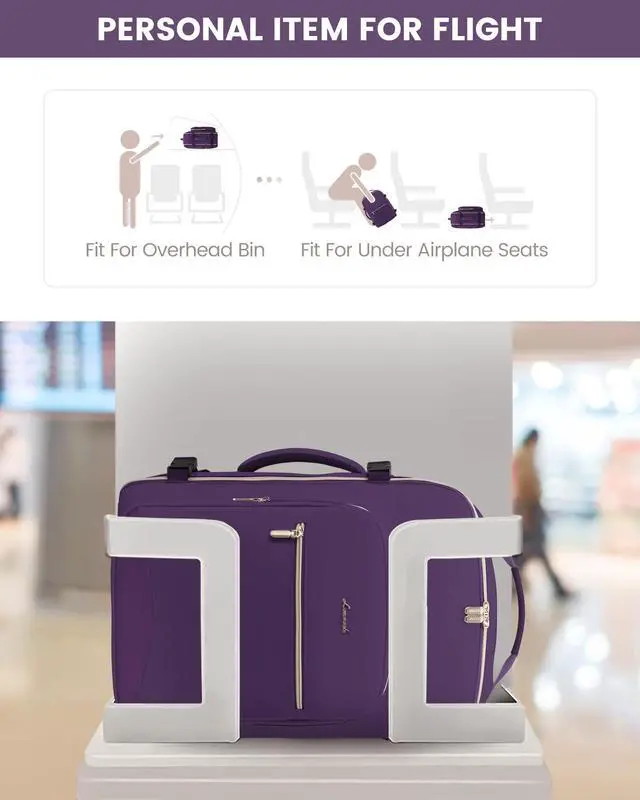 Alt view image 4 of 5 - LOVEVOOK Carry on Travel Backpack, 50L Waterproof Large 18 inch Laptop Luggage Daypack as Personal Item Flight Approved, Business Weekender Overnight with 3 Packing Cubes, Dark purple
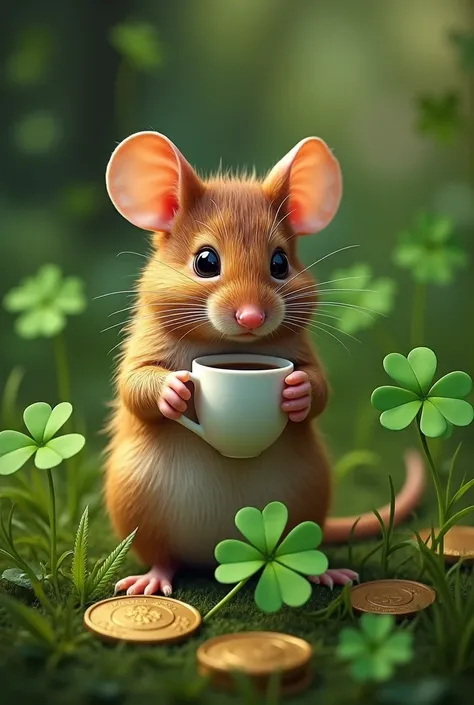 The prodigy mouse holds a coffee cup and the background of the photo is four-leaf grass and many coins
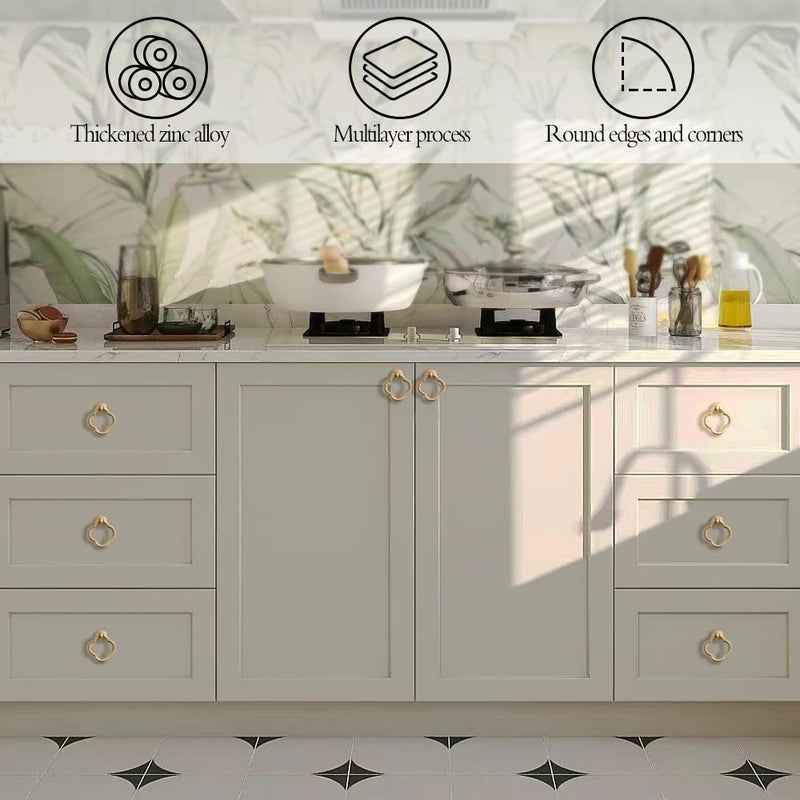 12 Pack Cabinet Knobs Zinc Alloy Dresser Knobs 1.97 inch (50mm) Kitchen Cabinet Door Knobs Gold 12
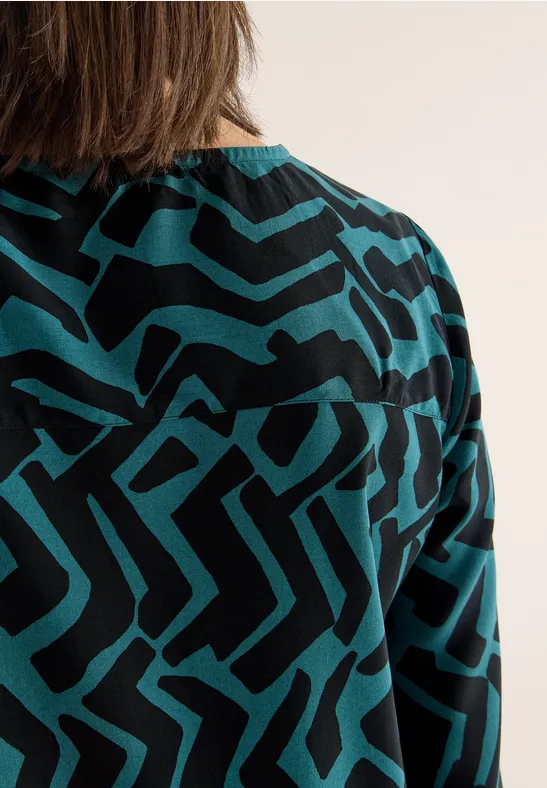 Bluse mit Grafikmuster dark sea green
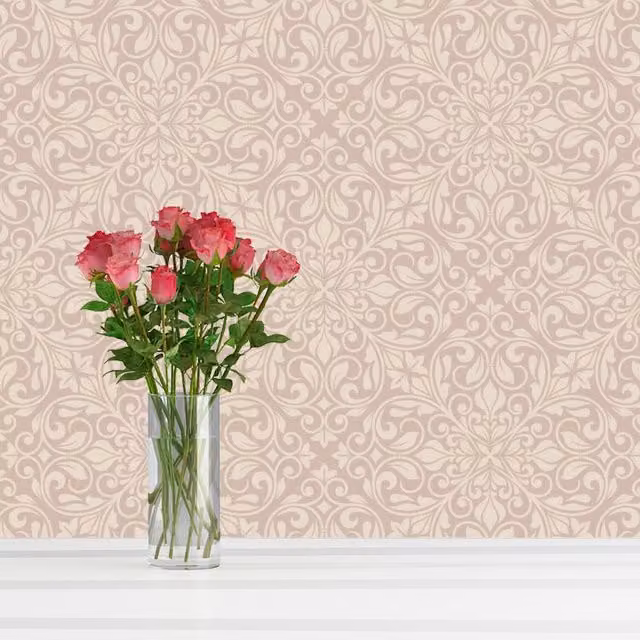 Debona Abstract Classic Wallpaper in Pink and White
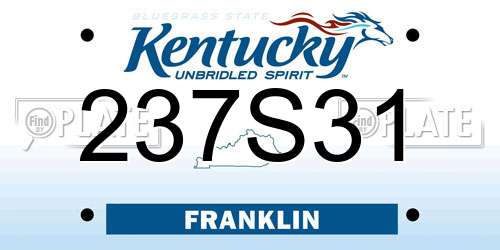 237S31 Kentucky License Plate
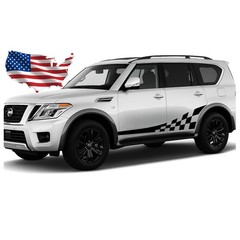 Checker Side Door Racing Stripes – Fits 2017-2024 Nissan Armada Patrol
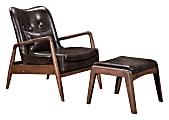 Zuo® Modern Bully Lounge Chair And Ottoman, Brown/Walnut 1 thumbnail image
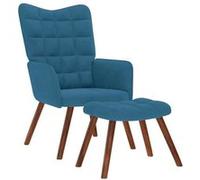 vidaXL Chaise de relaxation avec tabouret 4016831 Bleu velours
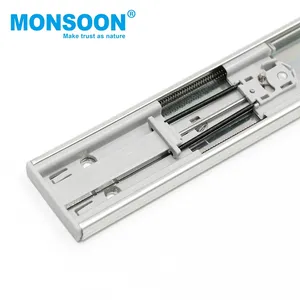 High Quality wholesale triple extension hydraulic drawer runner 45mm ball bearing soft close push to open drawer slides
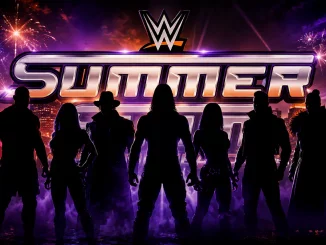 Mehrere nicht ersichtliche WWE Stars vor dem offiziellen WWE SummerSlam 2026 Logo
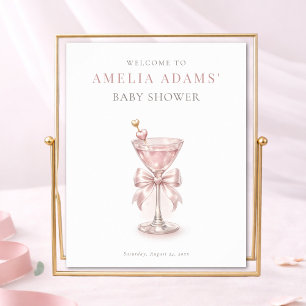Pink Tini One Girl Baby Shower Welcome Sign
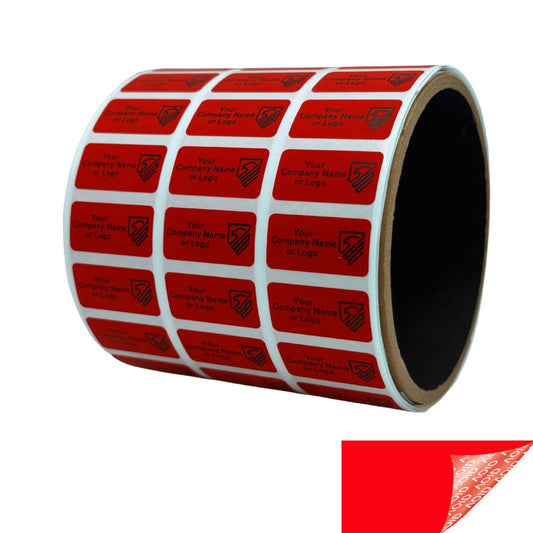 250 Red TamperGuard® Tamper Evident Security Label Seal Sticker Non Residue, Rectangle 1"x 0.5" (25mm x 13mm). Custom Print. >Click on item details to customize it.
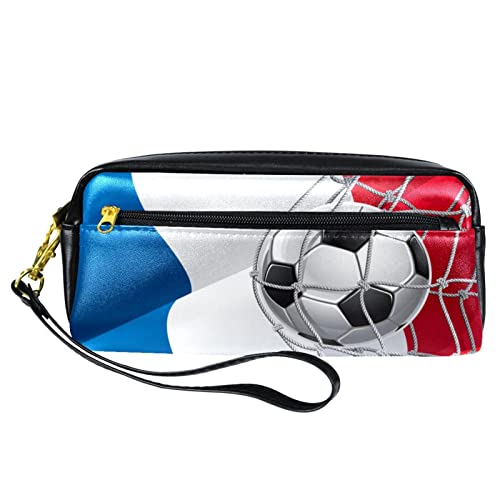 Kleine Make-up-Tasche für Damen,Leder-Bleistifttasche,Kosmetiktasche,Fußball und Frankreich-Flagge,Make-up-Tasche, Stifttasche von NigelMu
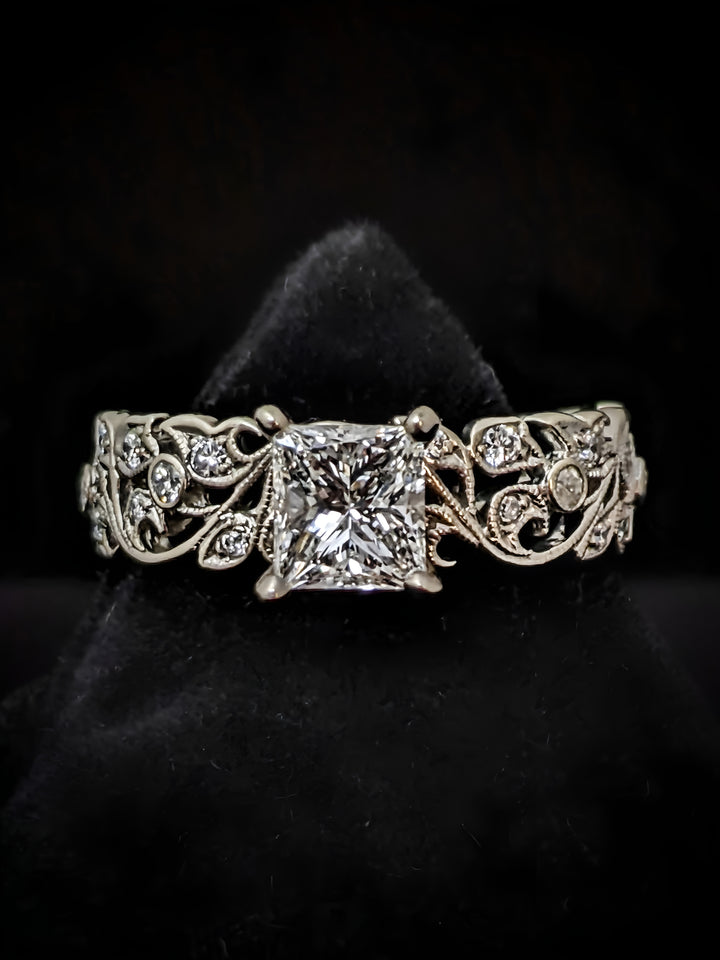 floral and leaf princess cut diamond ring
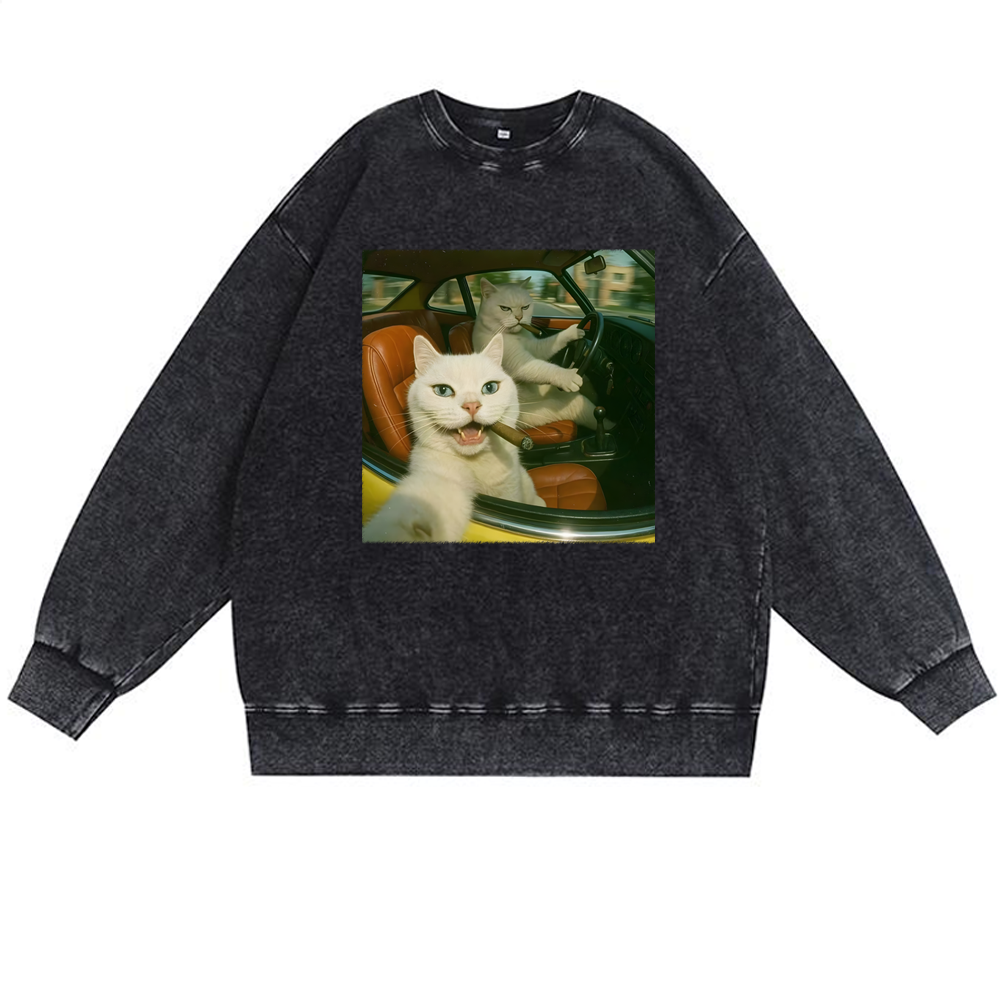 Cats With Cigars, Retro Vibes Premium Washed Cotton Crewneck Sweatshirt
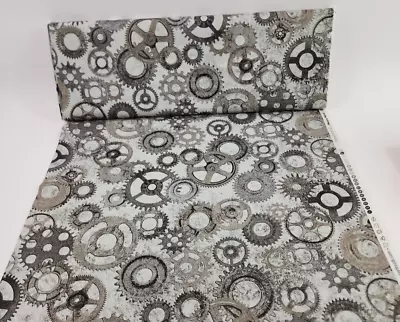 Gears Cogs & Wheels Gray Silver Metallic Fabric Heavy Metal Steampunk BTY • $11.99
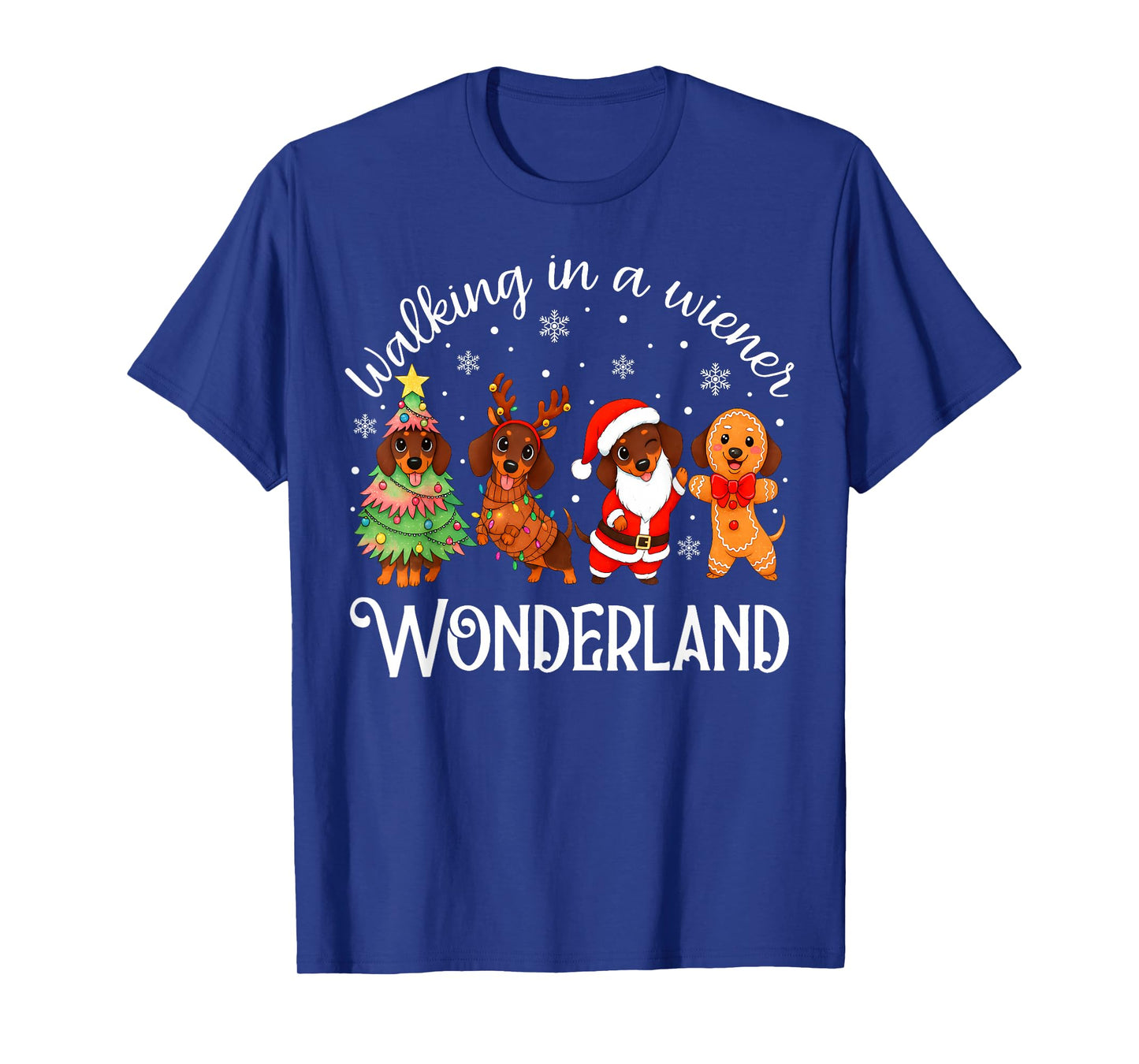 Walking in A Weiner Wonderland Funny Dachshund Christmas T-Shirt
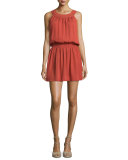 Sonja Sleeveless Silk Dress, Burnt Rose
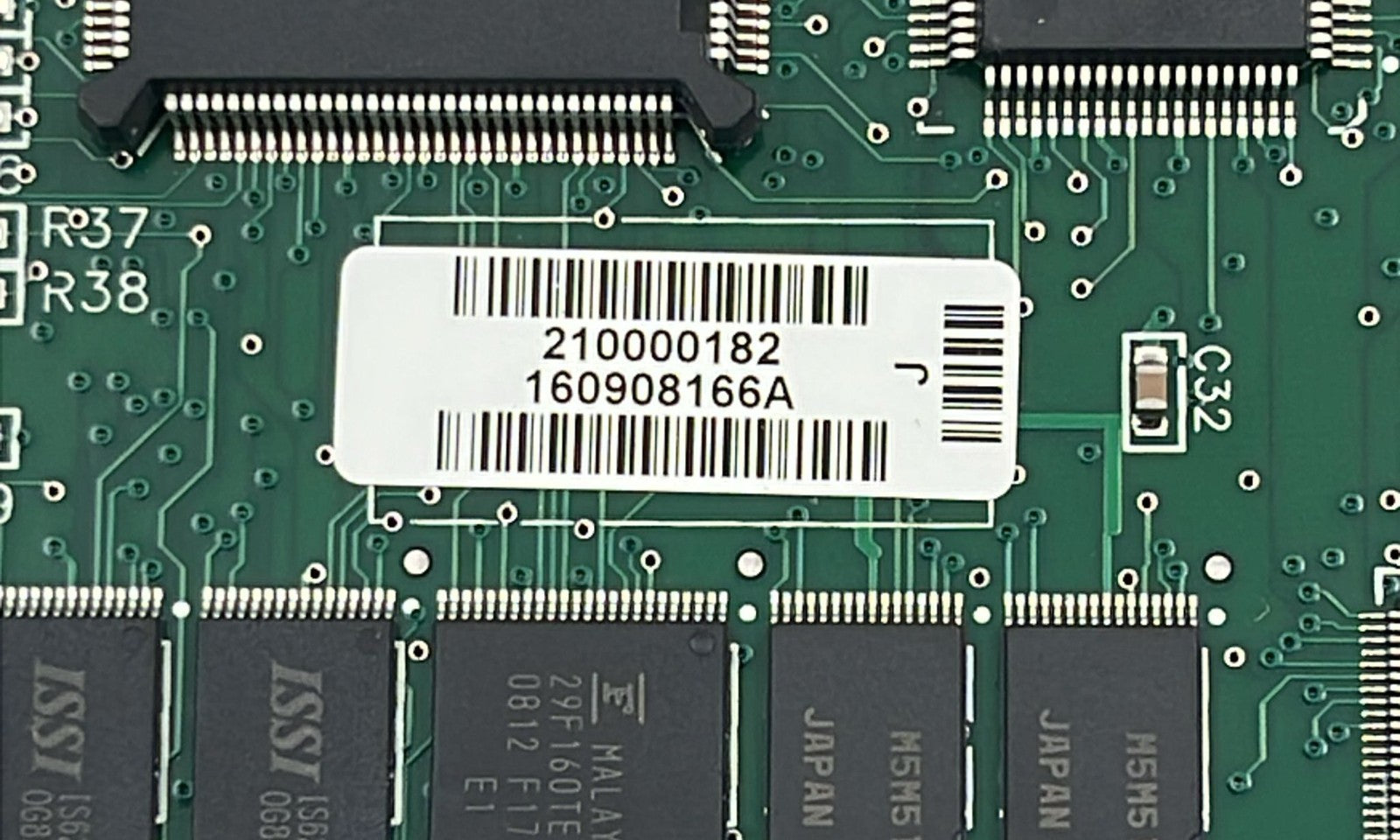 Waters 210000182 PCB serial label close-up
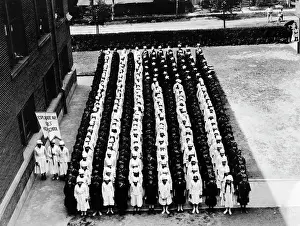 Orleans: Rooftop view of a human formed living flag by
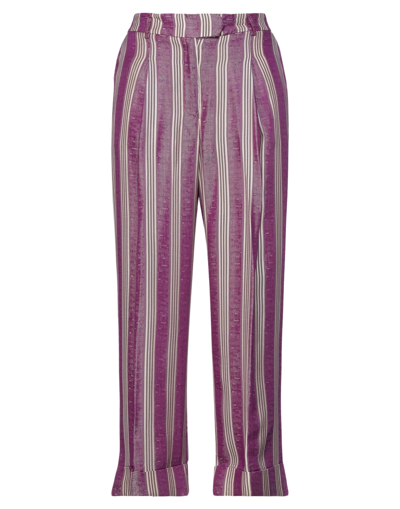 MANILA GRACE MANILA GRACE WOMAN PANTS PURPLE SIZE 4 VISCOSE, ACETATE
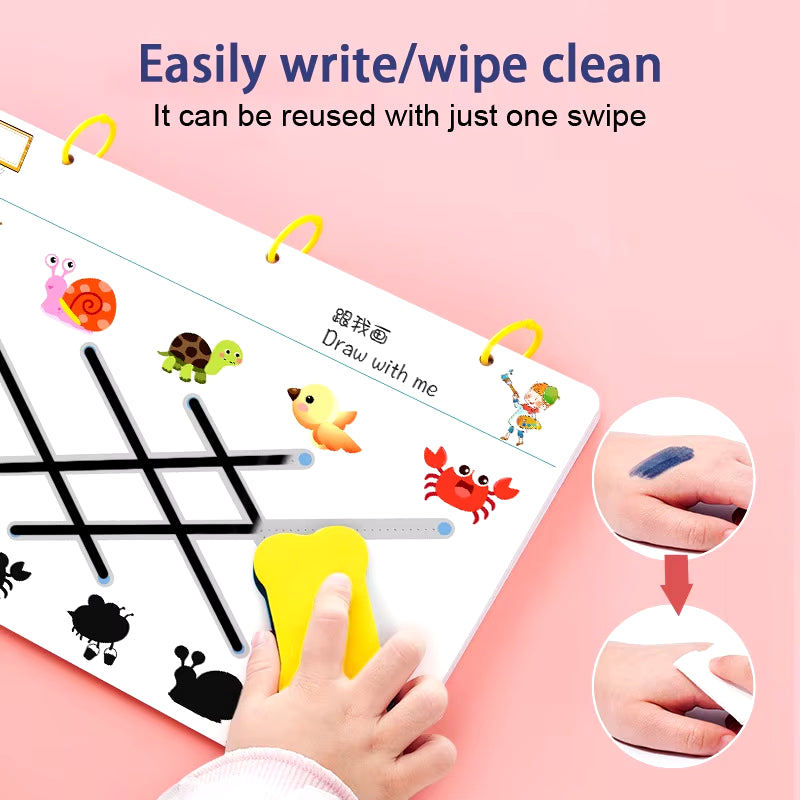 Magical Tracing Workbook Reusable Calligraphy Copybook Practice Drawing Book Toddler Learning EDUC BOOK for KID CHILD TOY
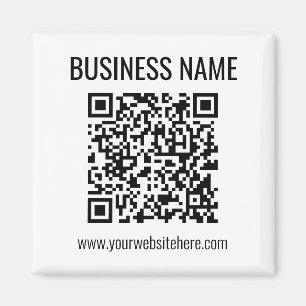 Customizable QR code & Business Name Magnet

============

| Aim of the exercise |
The line containing "Orleans: Rooftop view" and every line after it, through the end of the material above, are to be printed exactly; no pictures belong in the output.

| Response to the exercise |
 Orleans: Rooftop view of a human formed living flag by
 MANILA GRACE MANILA GRACE WOMAN PANTS PURPLE SIZE 4 VISCOSE, ACETATE
 Magical Tracing Workbook Reusable Calligraphy Copybook Practice Drawing Book Toddler Learning EDUC BOOK for KID CHILD TOY
 Customizable QR code & Business Name Magnet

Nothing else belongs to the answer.